Lorsque l’on pense à des enfants, on pense immédiatement au jeu. En effet, il est quasiment omniprésent dans leurs moments de loisirs. D’ailleurs, certains types de jeux sont également présents à l’âge adulte. Le jeu fait donc partie intégrante de la vie de tout individu, avec bien évidemment des nuances selon les différents moments de l’existence. Cela semble donc naturel de l’utiliser dans le lieu où les enfants passent énormément de temps : l’école. A l’école maternelle, il est d’ailleurs extrêmement présent, ce qui est notamment justifié par le jeune âge des élèves. Cependant, arrivé à l’école élémentaire, il se fait de plus en plus rare. Cela tient peut-être au fait qu’il est fortement connoté avec les loisirs et un côté ludique, et que cela paraît incompatible avec les apprentissages devant être faits à l’école élémentaire. En effet, l’école est avant-tout un lieu d’apprentissages, de travail, et l’utilisation de jeux peut paraître contradictoire avec ces notions. Cela est dommage, car le jeu peut s’avérer être un excellent outil pédagogique, et pas seulement à l’école maternelle. De part les nombreux avantages qu’il apporte, son utilisation peut être tout à fait pertinente à l’école élémentaire également, et particulièrement au cycle 3. En effet, le jeu est un excellent outil pour mobiliser les élèves, leur apporter de la motivation et leur permettre de donner du sens aux apprentissages qu’ils font. Ceci est d’autant plus important au cours de ce cycle, où une perte de sens donnée à l’école peut apparaître chez certains élèves. De plus, en grandissant, les élèves ont davantage besoin d’être motivés et de comprendre pourquoi ils doivent apprendre telle ou telle notion. Avoir recours au jeu peut donc être un bon moyen pour un enseignant de ne pas « perdre » ses élèves.

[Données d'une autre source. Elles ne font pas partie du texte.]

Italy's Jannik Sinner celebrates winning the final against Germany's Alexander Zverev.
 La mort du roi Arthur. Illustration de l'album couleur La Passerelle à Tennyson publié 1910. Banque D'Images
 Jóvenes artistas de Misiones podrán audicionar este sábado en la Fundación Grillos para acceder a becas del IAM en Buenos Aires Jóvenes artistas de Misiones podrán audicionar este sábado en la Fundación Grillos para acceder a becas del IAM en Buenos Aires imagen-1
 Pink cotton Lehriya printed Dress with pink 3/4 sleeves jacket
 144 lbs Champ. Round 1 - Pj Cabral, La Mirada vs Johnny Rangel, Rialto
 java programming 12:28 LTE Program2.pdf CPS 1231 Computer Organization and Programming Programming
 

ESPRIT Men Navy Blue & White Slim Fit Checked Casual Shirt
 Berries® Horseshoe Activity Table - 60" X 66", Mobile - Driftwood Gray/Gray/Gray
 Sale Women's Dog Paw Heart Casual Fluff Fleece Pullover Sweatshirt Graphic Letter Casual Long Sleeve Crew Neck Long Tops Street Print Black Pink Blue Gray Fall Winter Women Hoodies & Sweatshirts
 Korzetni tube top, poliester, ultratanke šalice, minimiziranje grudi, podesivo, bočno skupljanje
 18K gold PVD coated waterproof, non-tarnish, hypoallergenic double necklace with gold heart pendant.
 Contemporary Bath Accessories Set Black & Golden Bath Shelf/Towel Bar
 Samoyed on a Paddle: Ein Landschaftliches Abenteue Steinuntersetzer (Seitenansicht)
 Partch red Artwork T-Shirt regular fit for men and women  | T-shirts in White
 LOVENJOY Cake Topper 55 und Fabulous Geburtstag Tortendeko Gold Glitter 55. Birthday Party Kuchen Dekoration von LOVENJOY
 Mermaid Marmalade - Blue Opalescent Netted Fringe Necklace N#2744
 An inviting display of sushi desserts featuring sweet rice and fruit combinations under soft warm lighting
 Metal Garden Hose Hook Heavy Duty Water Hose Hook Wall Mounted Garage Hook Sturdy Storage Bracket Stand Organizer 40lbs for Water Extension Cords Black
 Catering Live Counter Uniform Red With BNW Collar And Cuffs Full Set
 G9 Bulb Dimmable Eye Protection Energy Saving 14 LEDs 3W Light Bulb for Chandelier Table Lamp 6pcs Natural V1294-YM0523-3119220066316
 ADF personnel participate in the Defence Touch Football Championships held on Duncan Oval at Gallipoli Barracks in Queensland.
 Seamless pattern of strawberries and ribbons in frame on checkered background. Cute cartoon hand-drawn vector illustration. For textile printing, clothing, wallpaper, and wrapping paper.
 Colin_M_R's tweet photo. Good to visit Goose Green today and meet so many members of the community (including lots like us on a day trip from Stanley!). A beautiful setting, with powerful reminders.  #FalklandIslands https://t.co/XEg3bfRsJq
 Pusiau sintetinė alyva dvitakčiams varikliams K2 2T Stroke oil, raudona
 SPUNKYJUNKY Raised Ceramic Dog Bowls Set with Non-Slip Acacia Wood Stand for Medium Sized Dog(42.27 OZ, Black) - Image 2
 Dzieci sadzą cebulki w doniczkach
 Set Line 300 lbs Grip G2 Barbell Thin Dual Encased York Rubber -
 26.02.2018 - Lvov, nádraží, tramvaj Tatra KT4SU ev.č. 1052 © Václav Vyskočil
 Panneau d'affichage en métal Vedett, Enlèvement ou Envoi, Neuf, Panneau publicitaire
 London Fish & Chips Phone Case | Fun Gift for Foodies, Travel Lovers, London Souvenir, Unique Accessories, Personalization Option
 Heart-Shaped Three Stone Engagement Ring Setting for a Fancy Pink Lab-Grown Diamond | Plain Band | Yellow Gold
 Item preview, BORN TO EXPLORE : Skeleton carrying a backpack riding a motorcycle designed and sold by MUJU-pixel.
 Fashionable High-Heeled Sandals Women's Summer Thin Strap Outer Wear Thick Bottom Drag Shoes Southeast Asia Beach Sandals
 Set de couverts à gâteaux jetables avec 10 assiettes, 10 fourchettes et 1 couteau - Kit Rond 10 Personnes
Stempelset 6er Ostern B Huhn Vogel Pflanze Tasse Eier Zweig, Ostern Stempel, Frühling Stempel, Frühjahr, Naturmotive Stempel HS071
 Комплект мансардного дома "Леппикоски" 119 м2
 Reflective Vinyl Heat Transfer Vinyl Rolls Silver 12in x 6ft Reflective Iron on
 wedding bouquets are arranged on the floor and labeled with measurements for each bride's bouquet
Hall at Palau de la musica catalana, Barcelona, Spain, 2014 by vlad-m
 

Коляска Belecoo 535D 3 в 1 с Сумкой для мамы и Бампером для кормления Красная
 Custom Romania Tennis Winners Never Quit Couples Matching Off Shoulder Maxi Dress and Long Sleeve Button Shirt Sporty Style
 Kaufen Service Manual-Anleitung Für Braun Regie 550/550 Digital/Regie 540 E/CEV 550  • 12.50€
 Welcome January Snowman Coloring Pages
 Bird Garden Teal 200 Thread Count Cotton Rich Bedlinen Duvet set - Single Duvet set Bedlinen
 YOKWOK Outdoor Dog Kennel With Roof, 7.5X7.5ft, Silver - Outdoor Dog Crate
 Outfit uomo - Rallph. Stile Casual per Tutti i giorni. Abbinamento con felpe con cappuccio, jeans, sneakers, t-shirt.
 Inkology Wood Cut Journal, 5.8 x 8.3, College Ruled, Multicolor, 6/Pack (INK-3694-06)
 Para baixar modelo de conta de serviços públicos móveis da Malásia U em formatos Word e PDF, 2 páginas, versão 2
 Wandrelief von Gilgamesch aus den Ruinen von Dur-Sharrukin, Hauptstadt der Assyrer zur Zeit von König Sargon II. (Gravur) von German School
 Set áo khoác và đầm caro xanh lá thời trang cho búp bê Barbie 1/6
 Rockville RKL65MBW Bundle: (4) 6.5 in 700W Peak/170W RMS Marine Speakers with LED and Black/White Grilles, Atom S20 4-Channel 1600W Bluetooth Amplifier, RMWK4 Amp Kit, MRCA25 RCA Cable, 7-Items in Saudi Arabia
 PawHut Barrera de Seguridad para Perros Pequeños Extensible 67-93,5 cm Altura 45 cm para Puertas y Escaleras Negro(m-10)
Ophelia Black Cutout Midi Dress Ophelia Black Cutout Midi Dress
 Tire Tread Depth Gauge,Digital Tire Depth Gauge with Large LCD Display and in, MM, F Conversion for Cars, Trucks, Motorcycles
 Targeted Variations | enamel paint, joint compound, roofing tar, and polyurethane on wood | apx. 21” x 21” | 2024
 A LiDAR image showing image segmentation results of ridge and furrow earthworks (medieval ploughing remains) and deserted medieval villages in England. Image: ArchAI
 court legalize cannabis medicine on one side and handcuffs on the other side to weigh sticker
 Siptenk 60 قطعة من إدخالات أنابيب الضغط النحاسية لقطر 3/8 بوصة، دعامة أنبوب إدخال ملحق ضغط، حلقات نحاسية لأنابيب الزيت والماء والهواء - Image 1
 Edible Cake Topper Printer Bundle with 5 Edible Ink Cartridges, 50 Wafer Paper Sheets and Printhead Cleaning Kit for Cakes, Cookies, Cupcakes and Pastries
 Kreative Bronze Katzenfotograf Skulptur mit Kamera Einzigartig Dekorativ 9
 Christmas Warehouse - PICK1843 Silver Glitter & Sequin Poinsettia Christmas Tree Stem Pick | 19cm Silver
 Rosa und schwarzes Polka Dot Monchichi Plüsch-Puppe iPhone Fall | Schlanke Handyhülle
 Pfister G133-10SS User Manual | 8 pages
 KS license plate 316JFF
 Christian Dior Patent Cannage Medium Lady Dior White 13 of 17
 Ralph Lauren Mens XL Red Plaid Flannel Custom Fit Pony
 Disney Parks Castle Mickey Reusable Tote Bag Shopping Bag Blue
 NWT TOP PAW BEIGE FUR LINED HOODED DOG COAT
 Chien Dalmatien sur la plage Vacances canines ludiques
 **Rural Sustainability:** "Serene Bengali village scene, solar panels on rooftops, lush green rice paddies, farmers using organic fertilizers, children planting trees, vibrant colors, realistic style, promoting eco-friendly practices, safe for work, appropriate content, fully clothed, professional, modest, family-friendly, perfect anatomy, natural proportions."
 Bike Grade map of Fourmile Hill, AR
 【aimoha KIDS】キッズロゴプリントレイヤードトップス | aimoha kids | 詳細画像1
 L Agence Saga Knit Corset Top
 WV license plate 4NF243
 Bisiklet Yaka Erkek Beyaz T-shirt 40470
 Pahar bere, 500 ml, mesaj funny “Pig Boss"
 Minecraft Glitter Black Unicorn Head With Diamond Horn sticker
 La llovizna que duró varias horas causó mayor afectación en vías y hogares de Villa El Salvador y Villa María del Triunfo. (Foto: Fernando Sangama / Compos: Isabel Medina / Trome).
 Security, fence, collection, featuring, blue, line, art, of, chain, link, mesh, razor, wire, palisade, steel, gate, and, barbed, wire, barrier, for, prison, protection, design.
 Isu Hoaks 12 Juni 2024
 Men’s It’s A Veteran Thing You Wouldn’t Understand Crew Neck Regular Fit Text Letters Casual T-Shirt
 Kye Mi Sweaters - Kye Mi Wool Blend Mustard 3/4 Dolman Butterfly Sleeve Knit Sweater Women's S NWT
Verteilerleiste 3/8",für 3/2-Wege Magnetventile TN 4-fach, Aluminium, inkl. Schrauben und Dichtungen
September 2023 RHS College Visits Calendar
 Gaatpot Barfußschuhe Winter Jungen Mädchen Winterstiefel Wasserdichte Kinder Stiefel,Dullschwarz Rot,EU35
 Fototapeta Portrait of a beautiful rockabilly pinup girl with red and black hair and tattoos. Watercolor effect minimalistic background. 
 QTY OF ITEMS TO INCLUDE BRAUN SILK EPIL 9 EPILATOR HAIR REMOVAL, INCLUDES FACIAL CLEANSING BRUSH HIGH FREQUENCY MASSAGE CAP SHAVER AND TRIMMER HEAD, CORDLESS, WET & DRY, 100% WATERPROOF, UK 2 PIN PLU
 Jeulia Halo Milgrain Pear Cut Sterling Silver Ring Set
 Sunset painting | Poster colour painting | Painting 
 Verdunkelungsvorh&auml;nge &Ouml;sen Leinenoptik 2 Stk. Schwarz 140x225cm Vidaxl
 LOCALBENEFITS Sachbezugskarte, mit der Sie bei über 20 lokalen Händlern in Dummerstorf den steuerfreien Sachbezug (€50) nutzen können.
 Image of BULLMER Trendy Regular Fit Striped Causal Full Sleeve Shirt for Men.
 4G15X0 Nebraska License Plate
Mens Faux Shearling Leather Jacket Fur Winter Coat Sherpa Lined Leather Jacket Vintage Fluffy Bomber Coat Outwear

De plus, le jeu est un outil polyvalent qui peut être utilisé à différents moments d’une séquence d’apprentissage, ce qui rend son utilisation assez pratique. Cependant, il s’agit toutefois de l’utiliser à bon escient. En effet, avoir recours au jeu n’est pas toujours pertinent. Son utilisation doit donc être réfléchie et complémentaire avec d’autres outils. De plus, il ne faut pas tomber dans le piège que parce que c’est un jeu, il ne nécessite aucune analyse et aucun retour avec les élèves, bien au contraire. Si on l’utilise à l’école, c’est bien parce qu’il permet des apprentissages, qui doivent toujours être explicités par l’enseignant. Le rôle du maître lors d’utilisations de jeux n’est donc pas à négliger.
QU’EST-CE QU’UN JEU ?
Il est important, avant de commencer une véritable réflexion autour du jeu comme outil pédagogique, d’avoir une définition claire et précise du sujet que l’on va aborder. C’est pourquoi il est primordial de commencer par définir exactement ce qu’est un jeu.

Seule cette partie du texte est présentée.